| DATA SECTION |

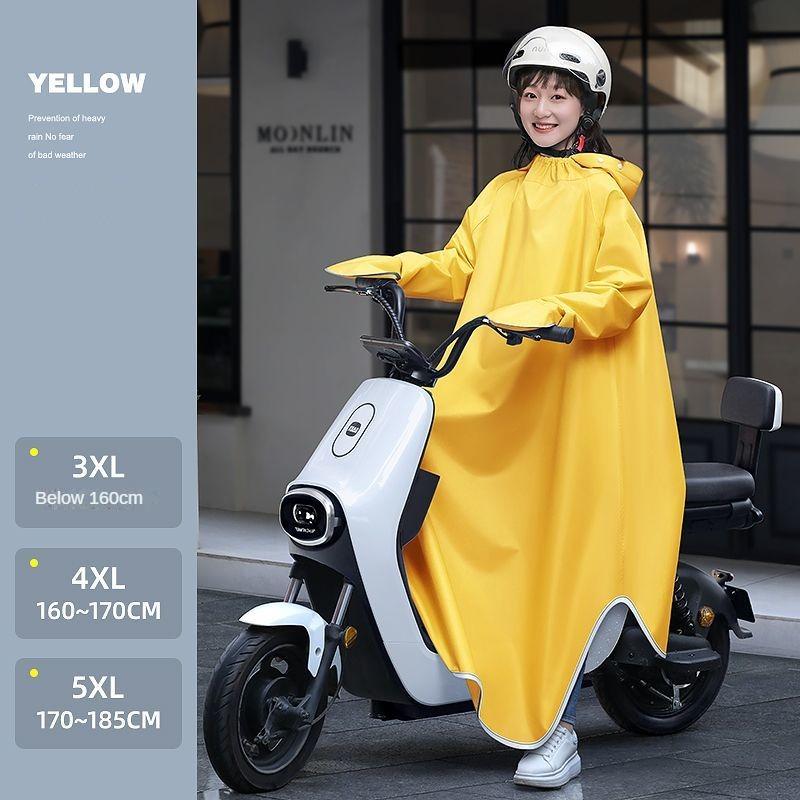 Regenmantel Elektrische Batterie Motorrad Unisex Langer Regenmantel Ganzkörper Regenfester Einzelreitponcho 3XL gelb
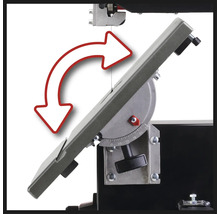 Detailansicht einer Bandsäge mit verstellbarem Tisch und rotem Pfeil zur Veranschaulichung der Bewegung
...
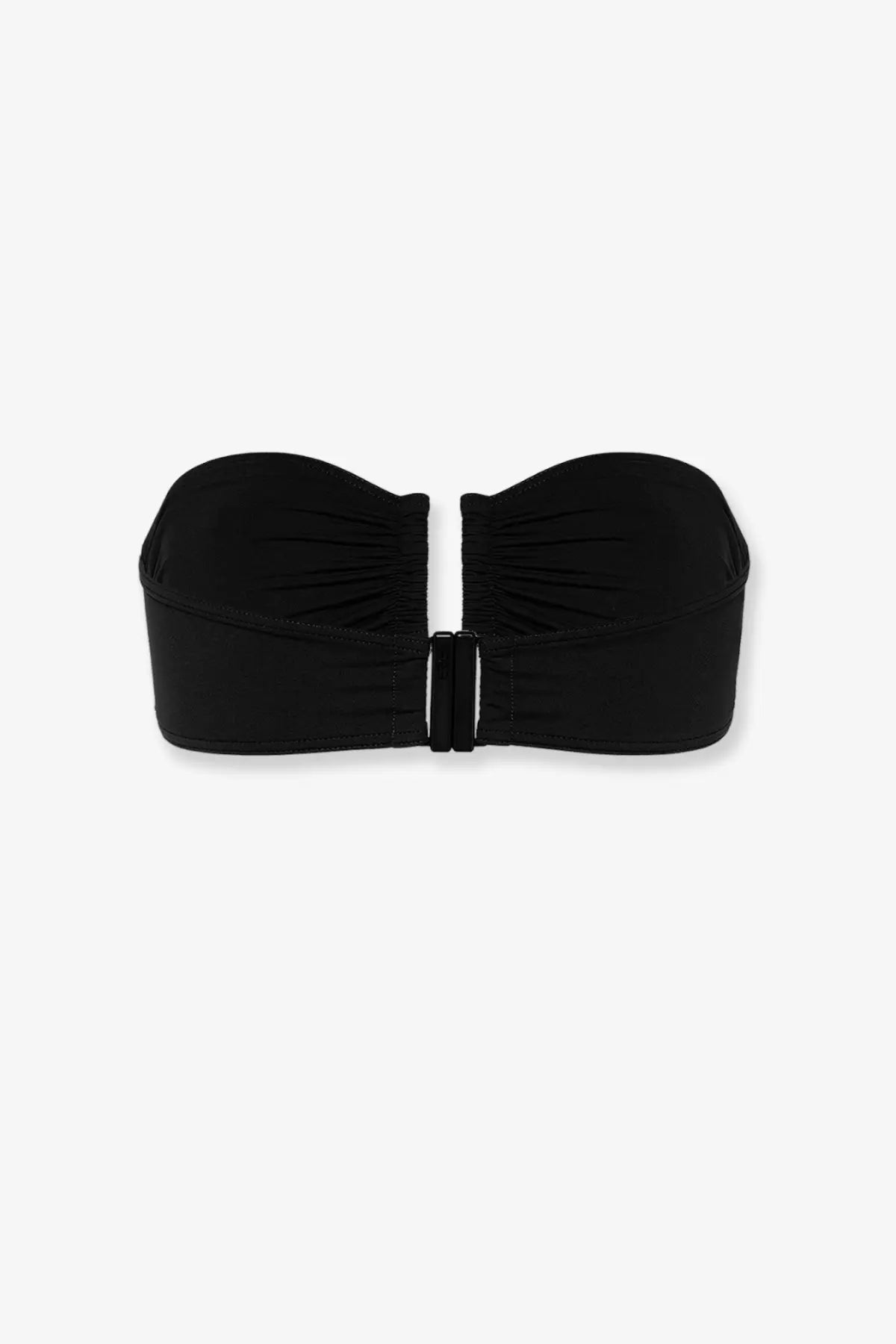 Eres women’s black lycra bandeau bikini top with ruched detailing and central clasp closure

| TASK DIRECTIONS |
Quote word for word only the lines above from the one containing "Regenmantel Elektrische Batterie" through the one containing "Detailansicht einer Bandsäge". Pictures stay out of your copy.

| EXERCISE ANSWER |
 Regenmantel Elektrische Batterie Motorrad Unisex Langer Regenmantel Ganzkörper Regenfester Einzelreitponcho 3XL gelb
 Detailansicht einer Bandsäge mit verstellbarem Tisch und rotem Pfeil zur Veranschaulichung der Bewegung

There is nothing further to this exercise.